## [SUPPLIED DATA]
*-*-*

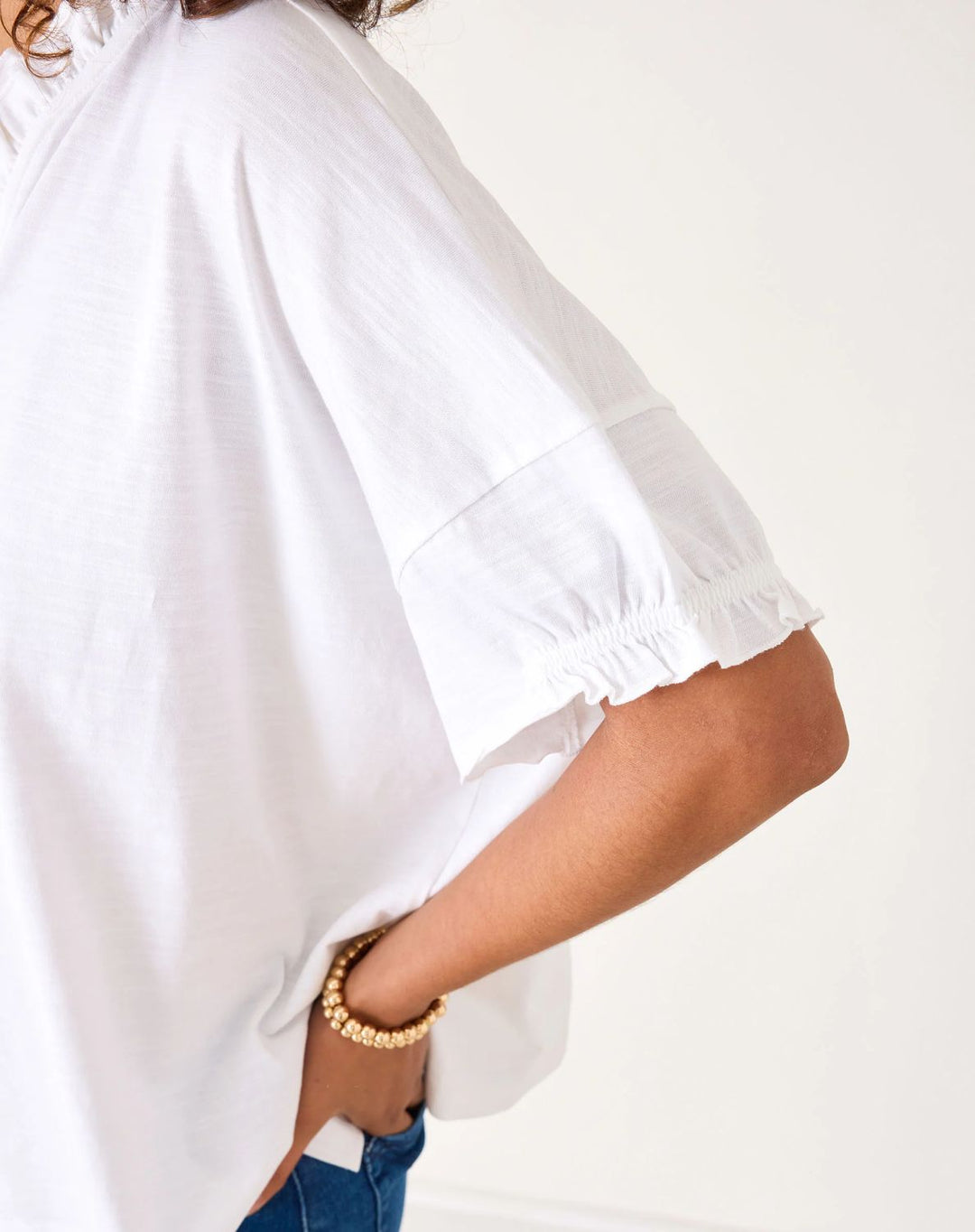 AMELIA RUFFLE TEE-WHITE - Kingfisher Road - Online Boutique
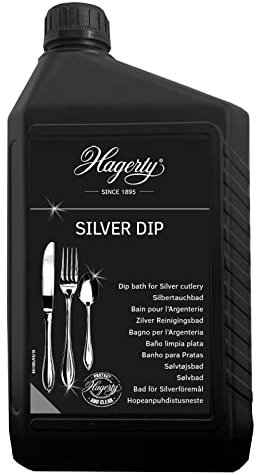 Hagerty Silver Dip Cutlery Bath Pulitore ad Immersione Delicato per Posate in Argento o Metallo Argentato Bagno Detergente Protect and Clean per Pulizia e Protezione Contro Ossidazione - Flacone da 2L
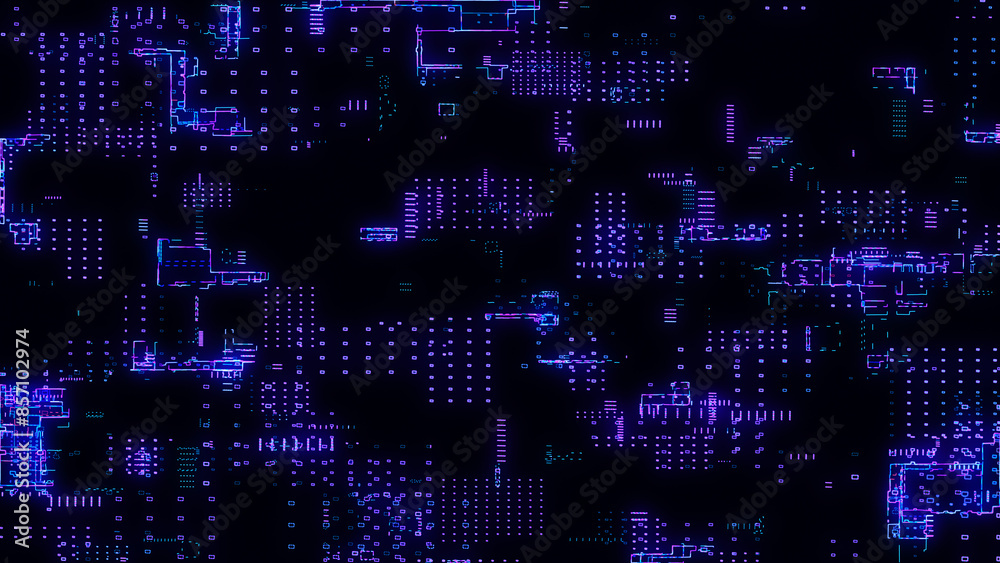 Poster printed circuit board. visualization of advanced technology concept: pcb processor microchip, digiti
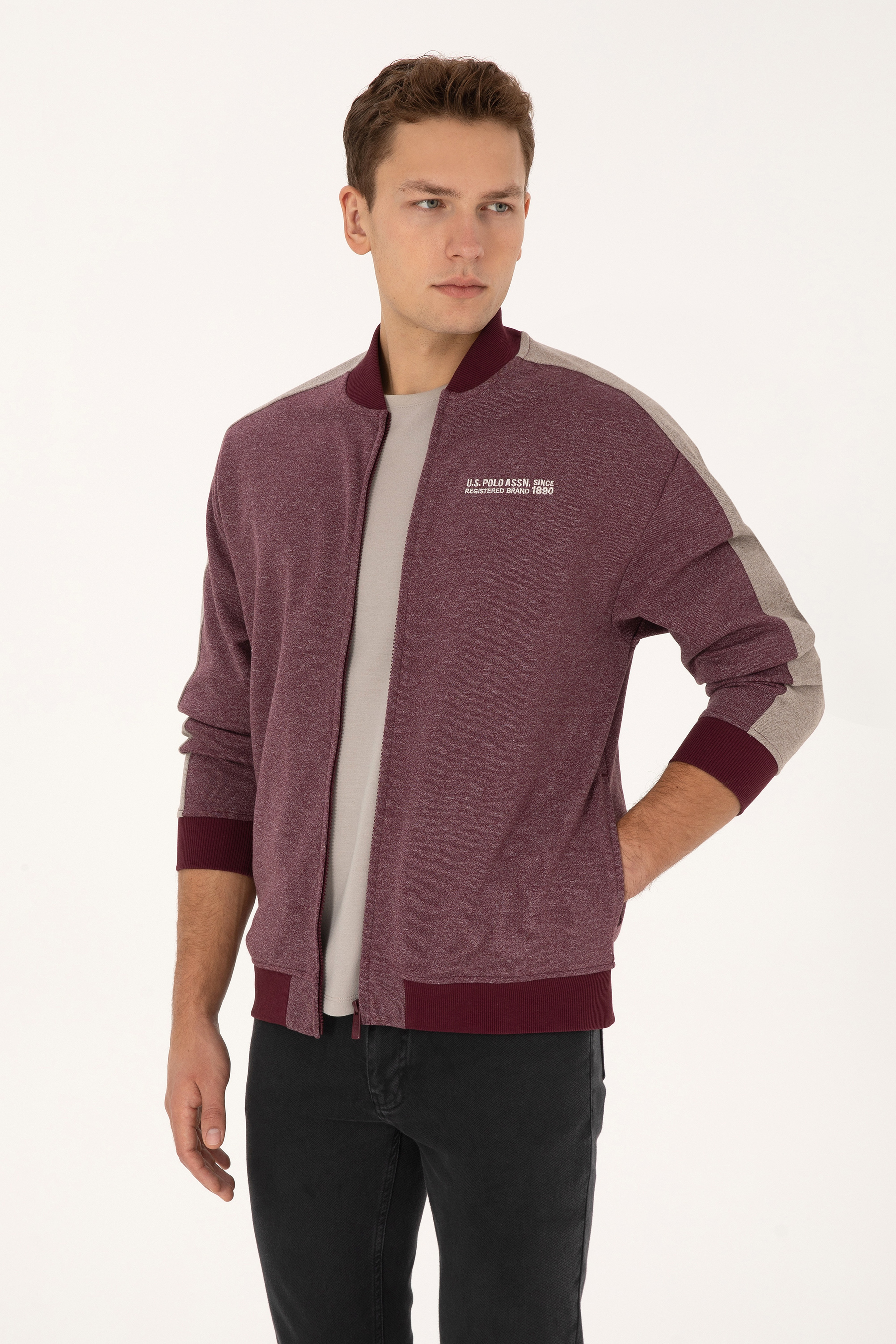 Erkek Regular Fit Fermuarlı Bordo Örme Hırka - Image 3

*-*-*

## [WHAT TO PRODUCE]
Output the whole of the data, unchanged; keep the pictures out.

## [SOLUTION TO THE PROBLEM]
 AMELIA RUFFLE TEE-WHITE - Kingfisher Road - Online Boutique
 Hagerty Silver Dip Cutlery Bath Pulitore ad Immersione Delicato per Posate in Argento o Metallo Argentato Bagno Detergente Protect and Clean per Pulizia e Protezione Contro Ossidazione - Flacone da 2L
 Poster printed circuit board. visualization of advanced technology concept: pcb processor microchip, digiti
 Erkek Regular Fit Fermuarlı Bordo Örme Hırka - Image 3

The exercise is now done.